Mzee Chiira bought the farm while a civil servant in 1983 but settled in Ngorika village in 2000, engaging in potato, dairy and horticultural farming. He also leased part of the land.
“I can only compare an orchard with rental houses. Fruit production and earnings increase every year. Maize is not a profitable venture,” he says.
The annual production cost per avocado tree and macadamia is Sh300 and Sh400 respectively.
Mzee Chiira’s last born, Francis Thiong’o, also works at the farm.
“My father is always up by 7am. We work until 1pm. He has trained us to inspect the farm every morning. We don’t work during weekends and holidays but that was not the case when we grew potatoes and maize,” Thiong’o says.
Conditions for producing macadamia nuts and avocados are almost similar.

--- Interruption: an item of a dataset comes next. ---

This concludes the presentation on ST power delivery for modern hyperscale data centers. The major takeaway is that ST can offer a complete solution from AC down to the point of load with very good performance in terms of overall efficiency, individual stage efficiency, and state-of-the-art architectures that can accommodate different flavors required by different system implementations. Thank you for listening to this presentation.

“The land must be well draining since water-logging leads to root rot in most fruit trees. The best time to plant macadamia is at the start of the long rains. It is important to spray against pests at planting. An acre can have about 168 plants,” Chiira Jr says.

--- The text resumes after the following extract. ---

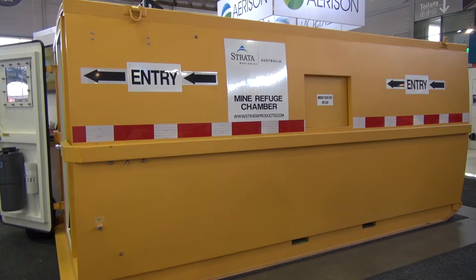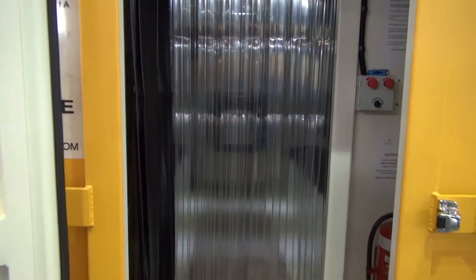Behind us here today we have a hard rock refuge chamber. It's essentially a king-sized self-rescuer. When you go into a mine, a self-rescuer is something you take off your hip, put on your face, and walk out in safety. A refuge chamber is a king-sized self-rescuer — instead of wearing it, you jump inside it and sit it out. The key features are that it gives you good clean air, it's air conditioned, it's comfortable, it has a toilet, and it has good facilities and commodities to keep you going for 36 hours.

The macadamia journey started in 2016.
“We got the correct cultivar – Kiambu 3 – for our ecological zone. We planted 500 trees on about three acres the following year. The farm now has 1,000 macadamia trees on six acres and we hope to plant an additional 1,520 next year,” the elderly man says.
The Chiiras do not apply any manure at planting.
“The first year of the plant is for root development. At this stage, the most important thing is watering and pest control. We only apply foliar fertiliser,” the agronomist says.
Macadamia is not as labour intensive as avocado. It can also be grown with other horticultural crops. At this farm, however, it is inter-cropped with Kikuyu grass for sheep, which also provide manure for the fruit trees.
Macadamia nuts are harvested throughout the year. A young tree produces an average 30k kilos a year but the yield can go up to 140 when the tree is fully mature at 10 years.
“We have been contracted by Jungle Nut Company in Thika while Kakuzi buys our avocado. Our farm is used by two companies to train farmers,” Chiira Jr says.
During flowering, the fruit trees need boron, zinc, calcium and potassium nitrates and copper.
Nyandarua Agriculture Executive, Francis Miring’u, says the region is keen on diversification to orchards.
“What is happening at Ngorika Farm is encouraging. The county government is using it as a model farm,” the agricultural economist says.
“The most important thing before engaging in fruit and nut growing is to understand the varieties that do good in your region. There are many varieties of Hass avocado for different ecological areas. Most farmers think all Hass are the same. That is why it is important to involve experts to advise of best varieties for given areas.”
He says though many fruits can do well in most parts of the country, production matters.
“Planting a fruit or nut tree in the wrong ecological area will lead to poor harvests,” Miring’u says.